Kami bersepakat bahwa Lapar ini
pengejewantahan nyata kehidupan penulis, meskipun toh tidak setragis tokoh ‘aku’.
Sebagian besar peserta yang hadir malam kemarin adalah penulis, sehingga
membaca Lapar seperti bercermin, lalu kami menertawakan diri kami sendiri.
Lanta, mengapa banyak orang ingin menjadi penulis? Hidup dari hanya menulis itu
susah sekali. Sangat-sangat susah (setidaknya bagi saya sendiri).
Malam itu, ada dua dewa teks,
yaitu Mas Tohir dan Mas Jano. Mereka berdua punya kemampuan analisa teks yang
luar biasa. Saya tidak melebih-lebihkan, karena ini pertama kalinya saya
bertemu yang demikian. Mereka menangkap apa yang tidak disadari kebanyakan dari kami. Mas Jano menangkap modernitas pada halaman ke lima
lembaran yang kami baca.
“Di muka toko daging, berdirilah
seorang perempuan dengan keranjang tergantung pada lengannya, mempersoalkan
daging yang hendak dibelinya untuk makan malamnya. Ketika aku melewatinya, ia
menengadah menatapku. Giginya hanya tersisa satu dalam rahang bawahnya.”
Ya, aku paham apa yang dimaksud
Mas Jano. Betapa lucunya, ketika bahkan si ‘aku’ tidak memiliki apapun untuk
dimakan, perempuan tua yang sudah tak punya gigi itu malah mempersoalkan daging
mana yang akan dimakan. Bagaimana bisa orang tua yang sudah tak memiliki gigi itu
akan mengunyah dagingnya? Untuk makan malam yang entah kapan pula. Membeli apa
yang tidak dibutuhkan, yang tidak bisa digunakan, bukankah itu yang kerap kita
jumpai di era modern ini. Entah karena tergiur diskon, entah karena hal lain
apa, tapi tanpa kita sadari, modernitas membawa kita pada perilaku konsumtif
yang berlebihan. Paragraf ini sekaligus komedi satir yang menyesakkan, sejujurnya.
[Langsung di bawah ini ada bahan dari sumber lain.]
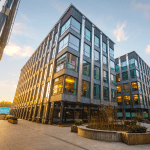 A large building towers against the setting sun. It looks like an office or apartment block.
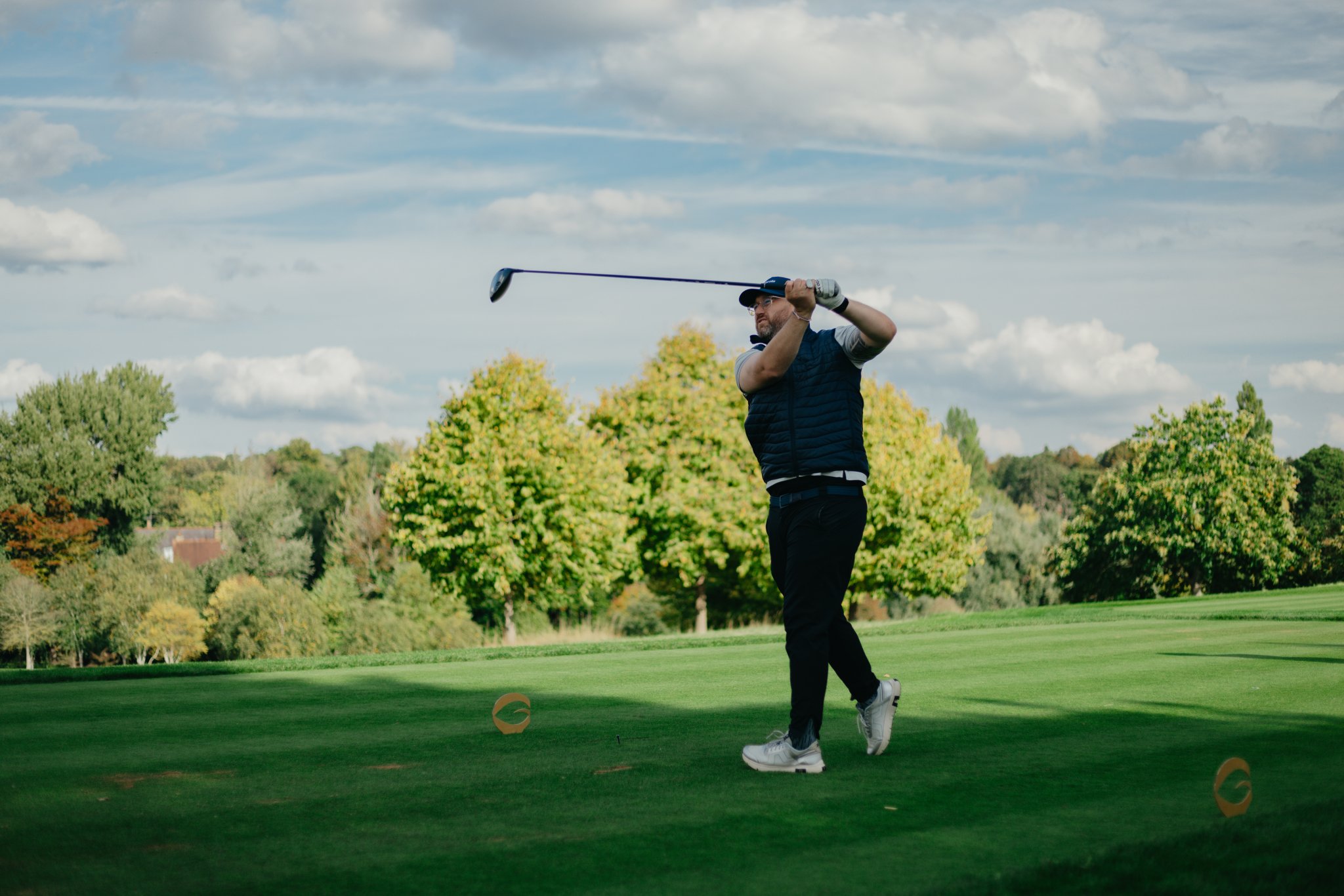 Golfer swinging a club on a sunny golf course with trees in the background.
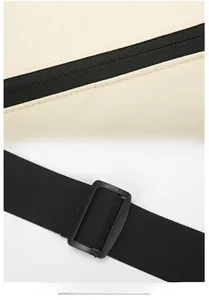 Close-up of durable beige fabric stitching and adjustable black shoulder strap buckle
Di paragraph selanjutnya, kami
bertemu dengan sisi sosialis dalam diri ‘aku’. Melihat laki-laki tua pincang
yang berjalan di depannya, ia ingin membantu laki-laki itu dengan membawakan
bungkusannya. Prinsip sama rasa. Tapi, tidak jadi dilakukan. Tidak disebutkan
alasannya dalam buku itu.
Pembacaan kami harus berakhir
pada halaman ke enam. Selain karena kami kehabisan lembar yang telah dikopi,
malam juga sudah semakin larut. Angin bertiup kencang dan menerbangkan
kertas-kertas kami. Rupanya alam semesta mendukung kami untuk menyudahi
pembacaan buku. Segera kertas-kertas itu kami masukkan ke dalam tas. Kami
lantas beralih pada diskusi ringan tentang apa saja.